Small-Bodies-Node / pds4_tools

Python package to read and display NASA PDS4 data.
17 stars 12 forks source link

Colons stripped from table field names on read #68

Open msbentley opened 2 years ago

msbentley commented 2 years ago

I have a data product with columns defined like:

                <Field_Character>
                    <name>VFS1102L FREND:FRAM NUMD1</name>
                    <field_number>3</field_number>
                    <field_location unit="byte">47</field_location>
                    <data_type>ASCII_NonNegative_Integer</data_type>
                    <field_length unit="byte">10</field_length>
                    <description>FRAM NUM: Running counter, 0...65535</description>
                </Field_Character>

However when I read this table in pds4_tools, the colon seems to be stripped, e.g.

In [28]: struct = pds4_read('frd_raw_sc_d_20160406T000000-20160406T235959.xml')
In [30]: struct[0].data
<...snip...>
            dtype=(numpy.record, [('PUS_TIME_UTC', '<U27'), ('PUS_TIME', '<U17'), ('VFS1102L FREND_FRAM NUMD1', 'u1'), ('PACKET_COUNTER', 'i1'), ('VFS1105L FREND_DOS DATA1', 'O'), ('VFS1205L FREND_DOS DATA2', 'O'), ('VFS1305L FREND_DOS DATA3', 'O'), ('VFS1405L FREND_DOS DATA4', 'O'), ('VFS1505L FREND_DOS DATA5', 'O'), ('VFS1605L FREND_DOS DATA6', 'O'), ('VFS1705L FREND_DOS DATA7', 'O'), ('VFS1805L FREND_DOS DATA8', 'O'), ('VFS1905L FREND_DOS DATA9', 'O'), ('VFS2005L FREND_DOS DATA10', 'O')]))

and if I try to index by the correct name I get an error, e.g.

In [31]: struct[0].data['VFS1102L FREND:FRAM NUMD1']
---------------------------------------------------------------------------
ValueError                                Traceback (most recent call last)
Input In [31], in <cell line: 1>()
----> 1 struct[0].data['VFS1102L FREND:FRAM NUMD1']

File ~/miniconda3/envs/bepi/lib/python3.10/site-packages/pds4_tools/reader/data.py:169, in PDS_ndarray.__getitem__(self, idx)
    155 def __getitem__(self, idx):
    156     """
    157     Parameters
    158     ----------
   (...)
    167         then the meta_data will be preserved for those fields or records.
    168     """
--> 169     obj = super(PDS_ndarray, self).__getitem__(idx)
    171     # For structured arrays, retrieve the correct meta_data portion if we are not obtaining all of the
    172     # fields
    173     if isinstance(obj, np.ndarray):

ValueError: no field of name VFS1102L FREND:FRAM NUMD1

but instead I have to access the field with an underscore:

struct[0].data['VFS1102L FREND_FRAM NUMD1']

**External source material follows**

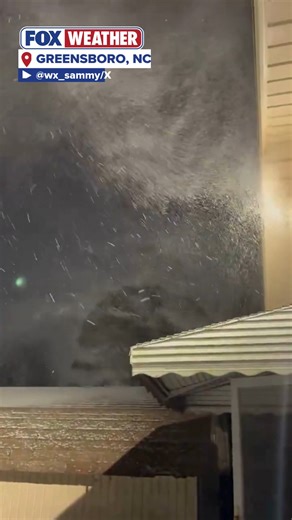 SNOW IN THE SOUTH ❄️: Gusts of wind are blowing snow around North Carolina as a powerful nor'easter slams the Southeast and Mid-Atlantic regions. The system has the potential to become a bomb cyclone and strengthen winds throughout the day. | FOX Weather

Is this a bug, or intended? Currently, for various reasons, I'm getting the field names from the table manifest, where the values are correct, and then this fails when using the field name to access the data.

LevN0 commented 2 years ago

This apparently was intended behavior due to a issue in NumPy at the time the code was written. See method here.

I will look if the issue still exists. If not, I may consider adjusting the current behavior.

msbentley commented 2 years ago

OK, many thanks - I'll work around it on my side in the interim.

LevN0 commented 2 years ago

So far I could not replicate the NumPy issue going back pretty far, but I need to look further.